In the following decades, the Smileys transferred three quarters of their land to Mohonk Trust. Today that land is called Mohonk Preserve, and it is the largest nonprofit nature preserve in New York. The land is visited annually by more than 200,000 outdoor lovers, including hikers, birders, skiers, swimmers, cyclists, and climbers. (There is a fee to use the trails, but resort guests get free access.)
“That’s one of our biggest legacies,” Mohonk Mountain House president Eric Gullickson says, “as a natural preserve.”
Gullickson, 54, returned prodigally to Mohonk after careers in competitive cycling, journalism, and university administration. His teenage daughter and a few of her cousins now work there seasonally. Nationally, fewer than 3 percent of family businesses have fourth-generation involvement. Mohonk counts five generations and could one day include six.
Looking forward to Mohonk’s 200th anniversary in 2069, Gullickson says more development may take place in the still privately owned “core area” near the main building. In 2016 Mohonk opened Grove Lodge, a detached guest house with six bedrooms and a great room, ideal for families or groups. The resort constructed an ice-skating pavilion in 2000 to extend a cherished winter activity into a warming century when Lake Mohonk might no longer freeze. In 1990 Mohonk built Conference House for group meetings. It serves as a gathering place for Mohonk Consultations, a nonprofit organization that promotes sustainability and connection, furthering the aims of early Mohonk’s annual meetings on civil rights and world peace.
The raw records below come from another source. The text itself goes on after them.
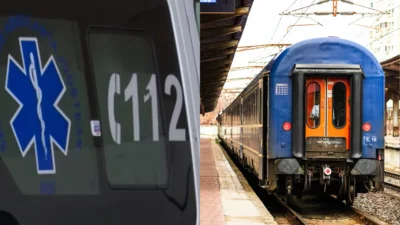 Accident grav în Suceava! Un muncitor în vârstă de 52 de ani a murit după ce excavatorul în care se afla a fost izbit de tren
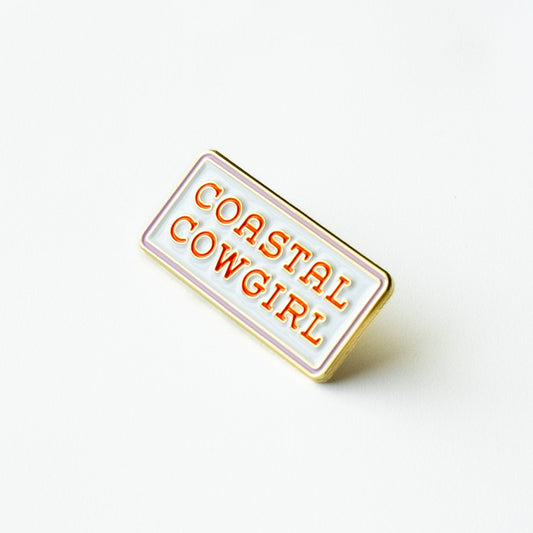 Coastal Cowgirl - Enamel Pin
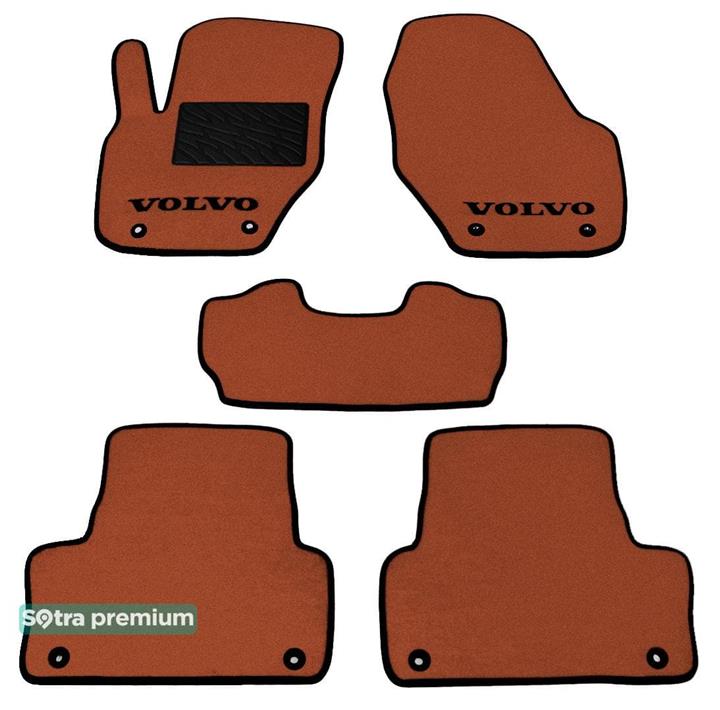 Sotra 07498-CH-TERRA Interior mats Sotra two-layer terracotta for Volvo Xc60 (2008-2013), set 07498CHTERRA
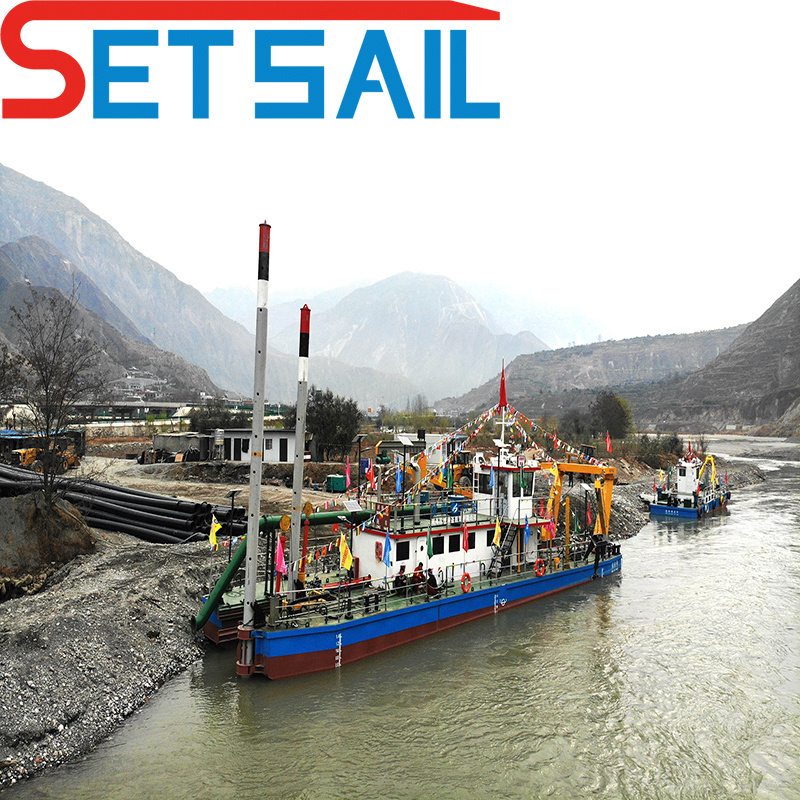 Hydarulic Winch Cutter Suction Pump Dredging Equipment for River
Through the decades Mohonk slowly shed its traditional Quaker prohibitions. A cocktail lounge opened in 2005. Through the 1960s and ’70s, a dancing ban was shelved to allow square and ballroom dances. (Today all types of dancing are permitted.) Each casting-off of an older century’s social vestiges was sincerely questioned by traditionalists and adopted only after careful deliberation of its effect on “the Mohonk spirit.”
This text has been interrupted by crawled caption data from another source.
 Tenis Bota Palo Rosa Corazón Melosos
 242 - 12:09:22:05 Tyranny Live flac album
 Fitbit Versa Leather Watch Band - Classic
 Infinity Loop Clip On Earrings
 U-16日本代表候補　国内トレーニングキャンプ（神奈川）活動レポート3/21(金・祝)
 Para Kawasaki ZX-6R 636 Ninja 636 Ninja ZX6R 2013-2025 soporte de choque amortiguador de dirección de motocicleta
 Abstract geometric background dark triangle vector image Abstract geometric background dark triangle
“We were able to find this balance,” Gullickson says. “That was the intention of my ancestors, the founders.”
None of the changes could be noticed by that bald eagle sailing overhead. Nor by the pair of pileated woodpeckers knocking through the forest below. Or the silver trout that leapt from the lake later, as the moon rose. They can’t be sensed from the top of the landmark Sky Top Tower on Paltz Point, built in memory of Albert Smiley out of white Mohonk rocks. Certainly they are nowhere seen in any cedar-framed vista of the sky-touching trapps, around the cliff-cupped lake with its fantastical castle, in the young forests reclaiming old farmland at the mountain’s base, or on the sunrise-rouged horizon. What remains noticeable, unavoidably, is the spirit.
“Mohonk has changed,” concedes Mohonk Barn Museum Curator Jim Clark, 75, who is celebrating his 50th season on the mountain, “but less than the real world.”